Top of Dataset extract

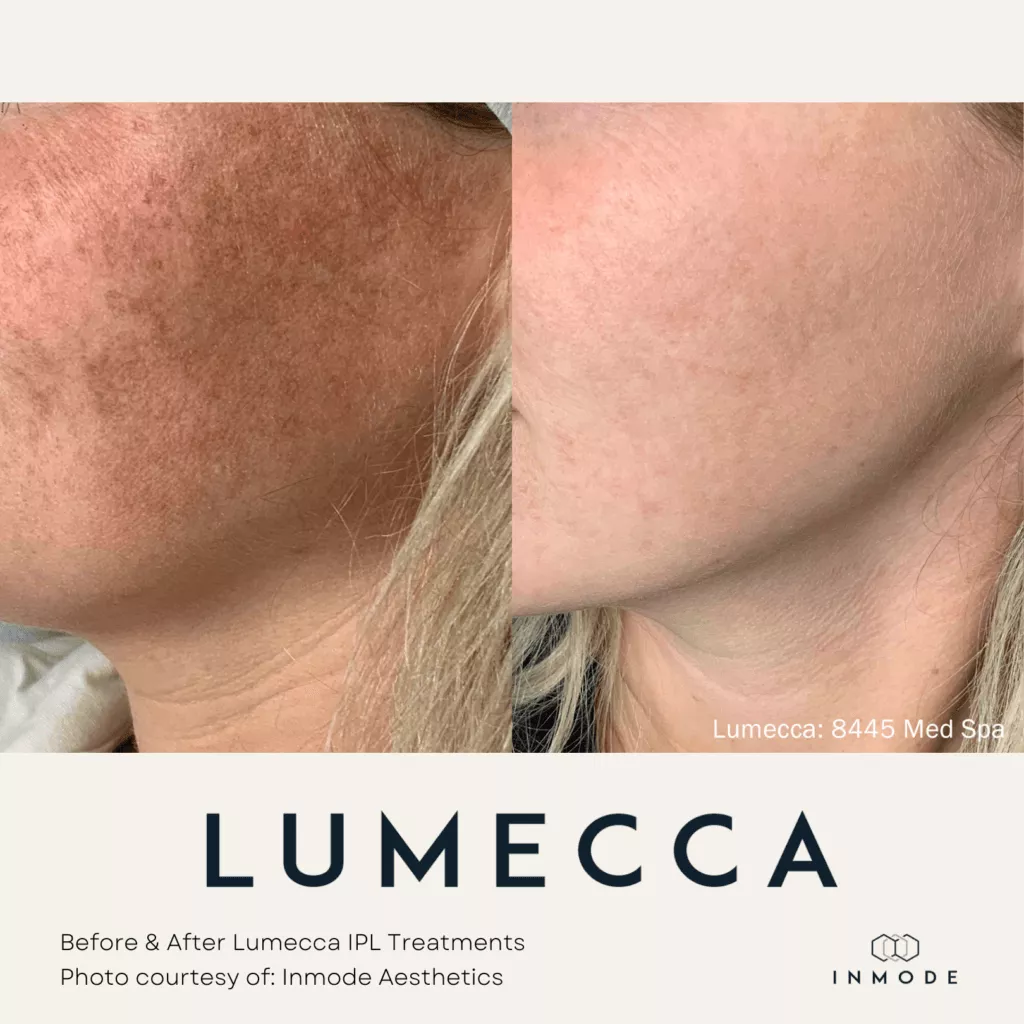 Lumecca IPL Treatment Before and After By Enchanted Medical Aesthetics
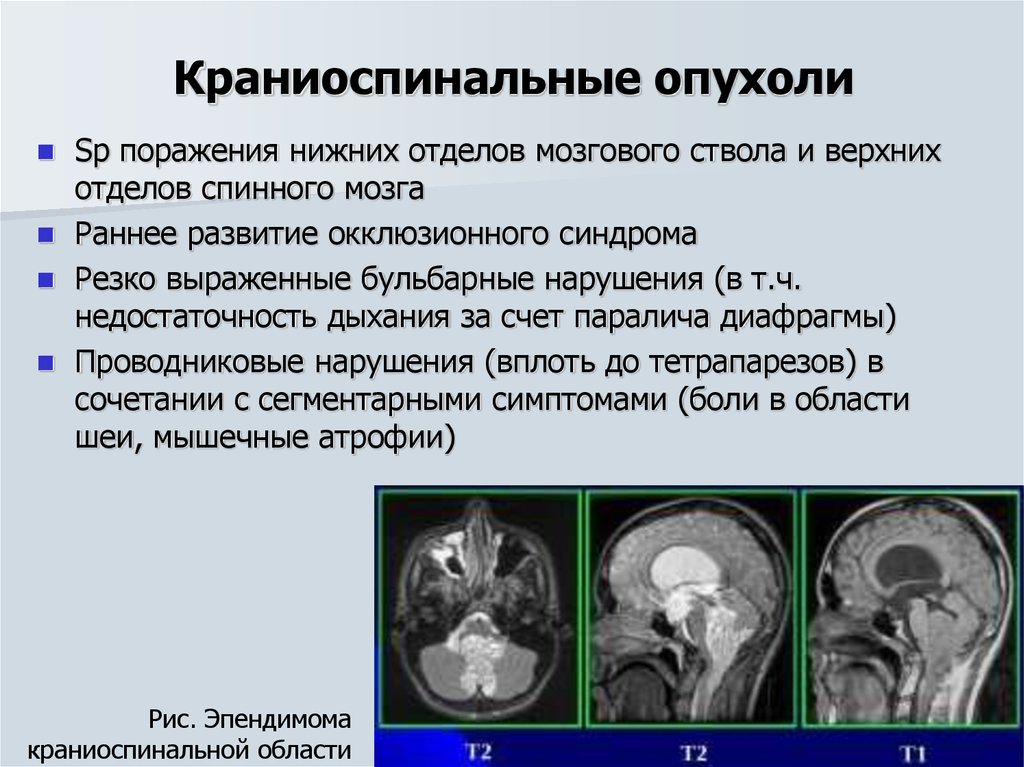 Опухоль мозга презентация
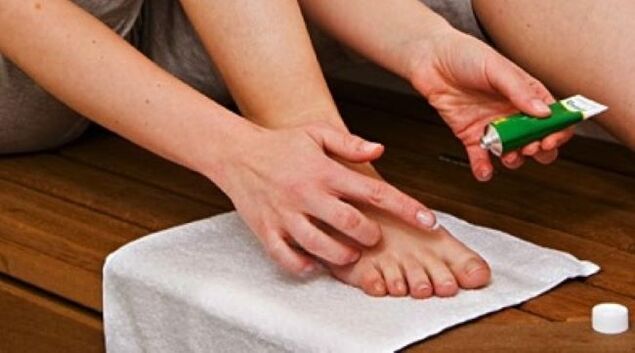 Θεραπεία του μύκητα στα νύχια των ποδιών με αλοιφή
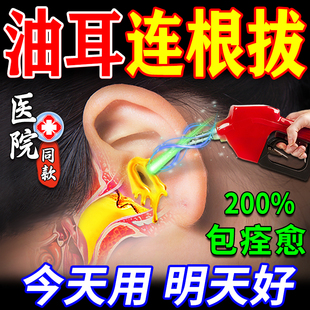 油耳朵清洁器儿童油耳朵治疗去油神器清理耳痒油耳克星专用滴耳液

Bottom of Dataset extract

• What is required: Could you restate the material word for word, omitting the pictures?

• Result:
 Lumecca IPL Treatment Before and After By Enchanted Medical Aesthetics
 Опухоль мозга презентация
 Θεραπεία του μύκητα στα νύχια των ποδιών με αλοιφή
 油耳朵清洁器儿童油耳朵治疗去油神器清理耳痒油耳克星专用滴耳液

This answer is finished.